New research shows that expressing gratitude can powerfully affect our sense of fulfillment and happiness as well as greatly improve the productivity of organizations. Join us as Janice Kaplan, award-winning investigative reporter and best-selling author, shares her insightful stories and the results of her research into how gratitude can transform every aspect of life, including marriage and friendship, money and ambition, and health and fitness. Her straightforward, science-based recommendations about how to incorporate simple and effective gratitude-based practices into your relationships and your work could transform your life!

Ms. Kaplan did a good job talking about how gratitude positively influences almost every aspect of life. Statistics show that though most people KNOW that it’s important to be grateful and to express gratitude, few people say they EXPRESS gratitude regularly in their day to day lives. People were much more likely to thank the UPS delivery driver or coffee shop barista than they were to thank their family members for routine actions. Employers were likewise not very likely to thank their employees since it seemed to them to be a sign of weakness. They often said “we say thank you with a paycheck” – but a paycheck is not a ‘thank you’ – it’s simply a paycheck. Employees generally felt more supportive and enthusiastic about their supervisors when gratitude was expressed in notes, cards, emails, and words.

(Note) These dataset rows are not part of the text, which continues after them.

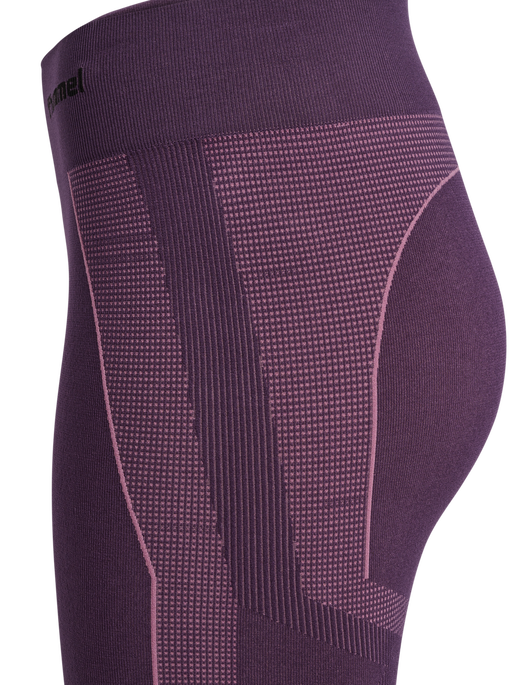 hmlMT POWER SEAMLESS MW TIGHTS, PLUM PERFECT, packshot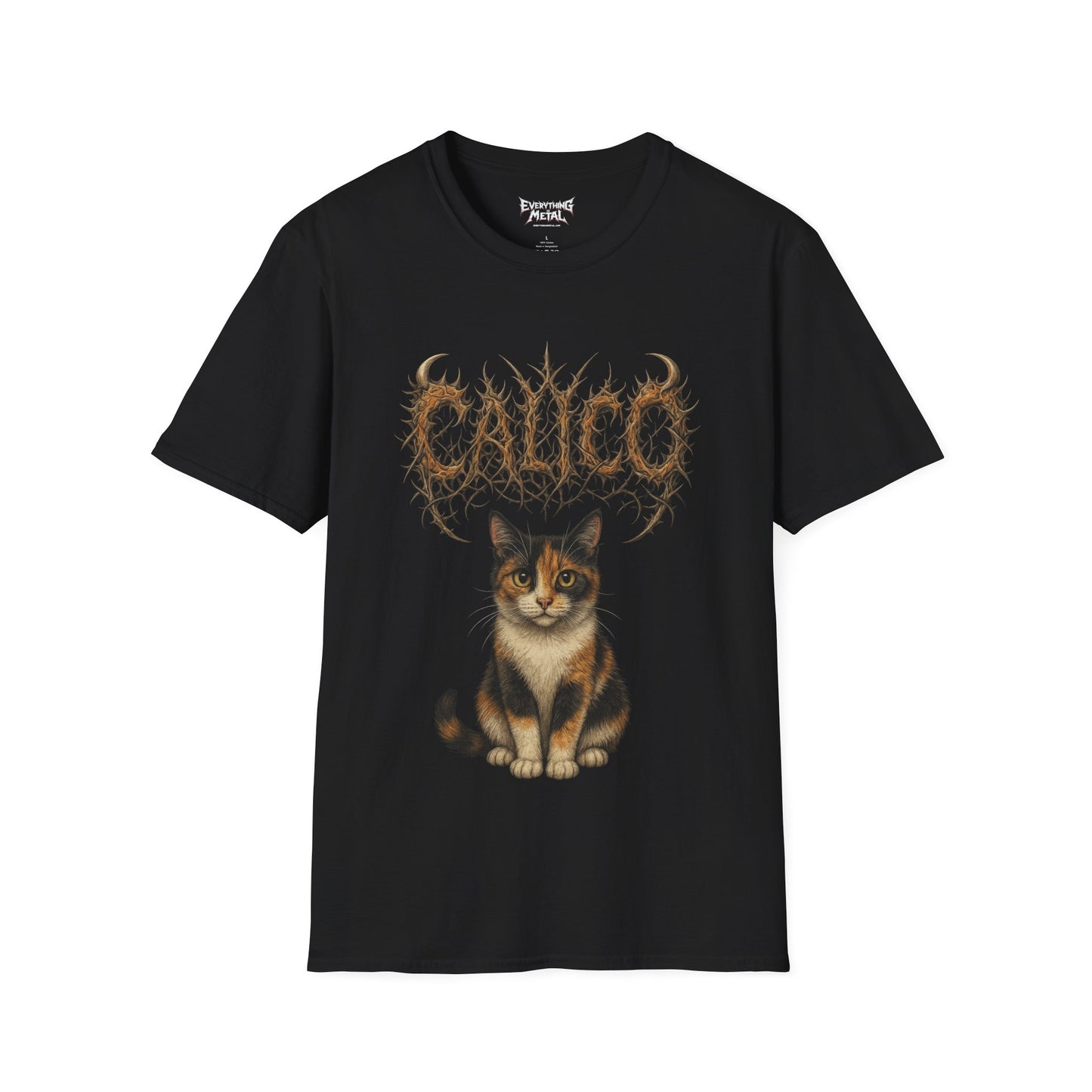 Calico Cat Metal Unisex Shirt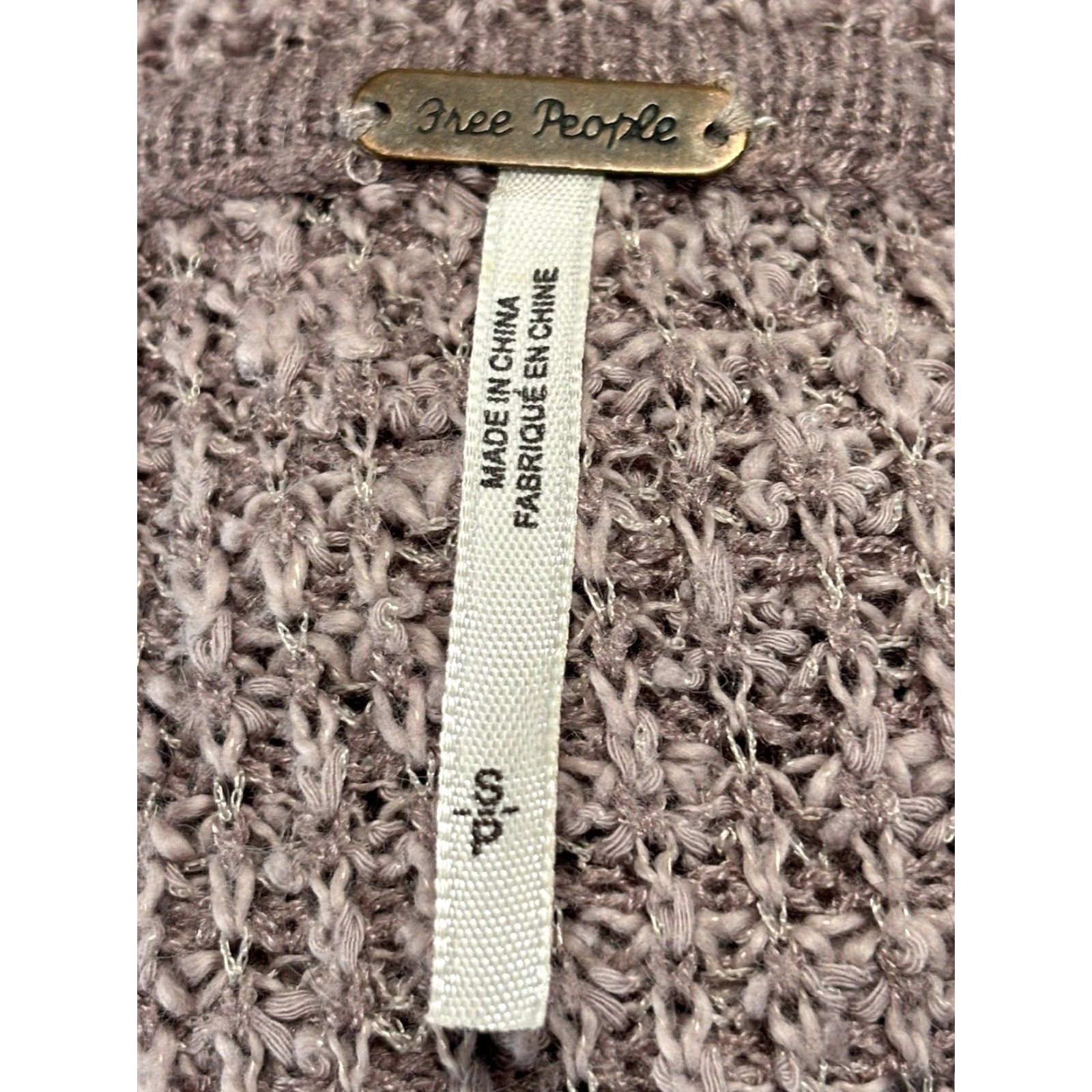 Free People Women's Free People Oversized Sweater Pink Mauve Knit Cowl Neck Pullover Small Size S / US 4 / IT 40 - 6 Thumbnail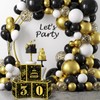 MEYSIMOON 30th Birthday Decorations Boxes for Him 3 Black Gold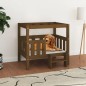 vidaXL Hundebett Honigbraun 75,5x63,5x70 cm Massivholz Kiefer vidaXL Hundebett Honigbraun 75,5x63,5x70 cm Massivholz Kiefer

The author/speaker shared these insights as if it was some kind of new discovery – and I was thinking to myself that 3000 years ago, God’s people already knew the importance of gratitude. There is so much wisdom in the Bible and it’s sad that so many ‘secular’ people today seem unaware of the healthy psychology contained in the Word of God. It was good to hear a “science based” explanation of the importance of gratitude – but how sad that people miss out on the wisdom that is already given to us from God. We see this important theme frequently in the Psalms and in other books of the Bible. One of my favorites is Psalm 100:

3Know that the Lord, he is God!
It is he who made us, and we are his;
we are his people, and the sheep of his pasture.

Enter his gates with thanksgiving,
and his courts with praise!
Give thanks to him; bless his name!

For the Lord is good;
his steadfast love endures forever,
and his faithfulness to all generations.

Here we see the revelation of God’s character and our relationship with God directly linked poetically to our expressions of gratitude, thanksgiving, and praise. Just as gratitude helps improve our relationships with friends, family, and co-workers, it also improves our relationship with God. This creates joy in our lives and intimacy with God our Creator. Here is a good quote from Benedictine monk and author David Steindl-Rast:

“In daily life we must see that it is not happiness that makes us grateful, but gratefulness that makes us happy.”

This is good advice for us to follow. I want to challenge you, if you are not doing it already — to find a way to incorporate gratitude into your daily life by linking it together with some other daily routine – when you drive to work, when you walk the dog, when you make the coffee, when you brush your teeth – take some time to thank God – for blessings, and even for particular hardships – and see what impact it has on your life and your relationships with others – and your relationship with God.

1 Thessalonians 5:18 “Give thanks in all circumstances; for this is the will of God in Christ Jesus for you.”